The Great Lakes: from battery belt to unified strategy
Stretching from Chicago to Detroit, Cleveland and Buffalo, the Great Lakes corridor has long been the industrial backbone of America. Its geography, anchored by fresh water, shipping routes and access to global commerce, once powered America’s industrial heartbeat. That same positioning allows the region to lead in electric vehicles, semiconductors and advanced materials. Today, the region is redefining itself as the nation's "Battery Belt." Michigan's $1 billion site readiness fund, Ohio's $600 million in semiconductor infrastructure and Indiana's Ivy Tech Community College system demonstrate regional commitment.

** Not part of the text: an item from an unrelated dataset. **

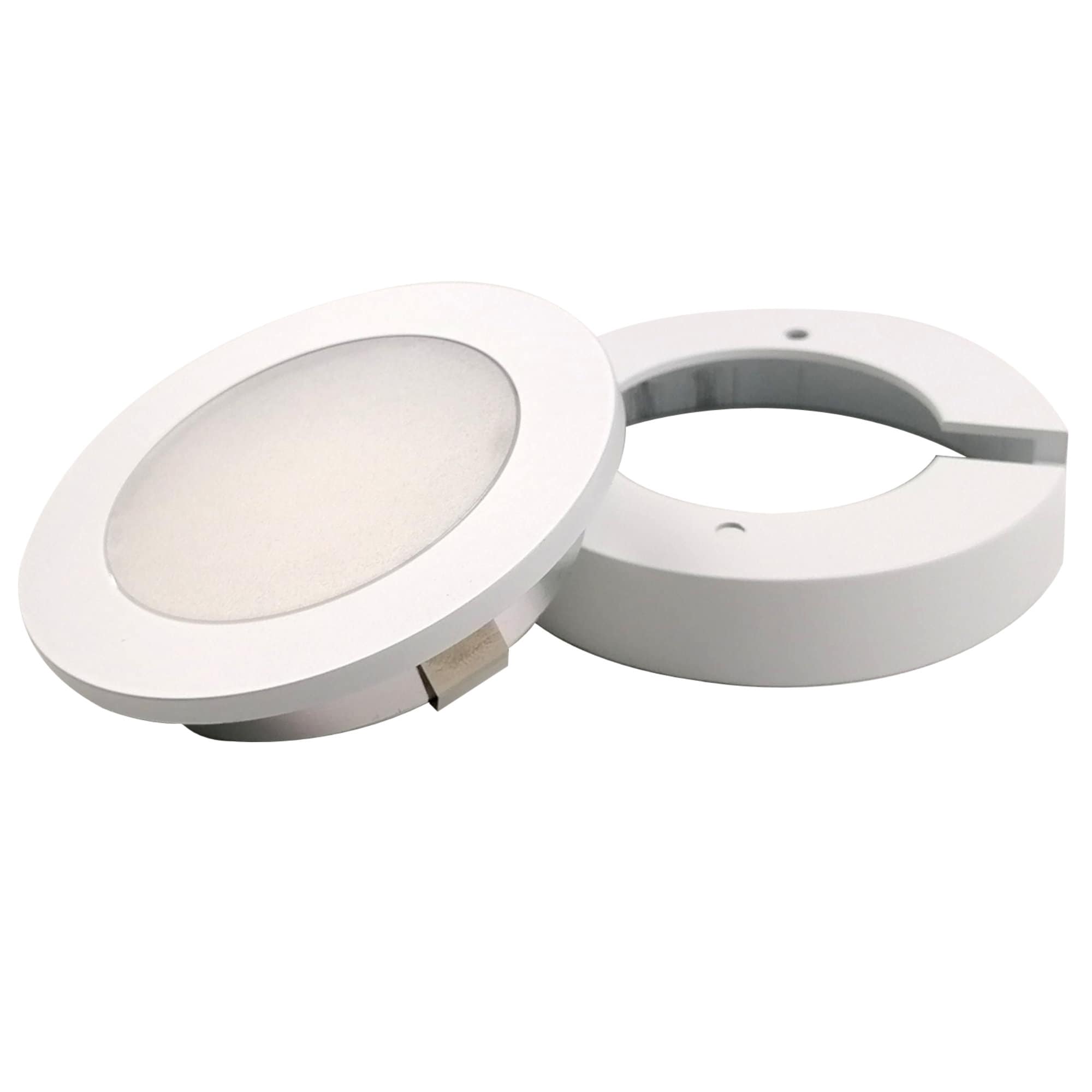 kalb | LED Einbauspot Unterbauspot Aluminium Wei&szlig; 12VDC 4 Watt Warmwei&szlig; 6,3cm &Oslash; Einbaustrahler f&uuml;r M&ouml;bel inkl. Aufsatzring 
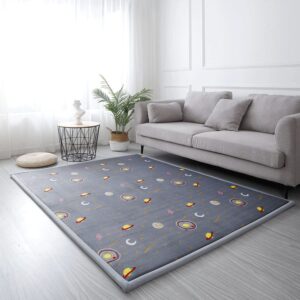 Loartee Coral Velvet Area Rug - 1" Thick Memory Foam Baby Play Mat, Washable Toddler Carpet, Home Decor for Living Room, Nursery, Kids Bedroom, Astral Gray, 4'3"x6'3"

Yet the region lacks cohesion to compete as one unified manufacturing economy. Years of brain drain and state-versus-state competition have created a fragmented landscape. The fix is a cohesive regional strategy with one playbook and shared metrics for jobs, emissions and domestic content. The region can turn bidding wars into durable, clean energy industrial growth
Toward a climate manufacturing commons
When industry leaves, cities lose not only jobs but their tax base, weakening their ability to invest in schools and public services. New York, Pittsburgh, Los Angeles and the Great Lakes corridor are building climate manufacturing ecosystems that draw on legacy, infrastructure, and innovation.
If regions align around shared goals, fragmented progress can become a connected national movement, a "Climate Manufacturing Commons" where ideas, talent, and production flow across borders. To make this real, government, industry and investors should: (1) co-develop cohesive regional strategies with common metrics and interoperable incentives; (2) invest in climate manufacturing entrepreneur programs with aligned public, philanthropic and private capital; and (3) modernize utilities, ports, rail and multi-tenant production space while protecting critical industrial districts. This is how we prove that rebuilding industry and addressing climate change are one and the same project of national renewal.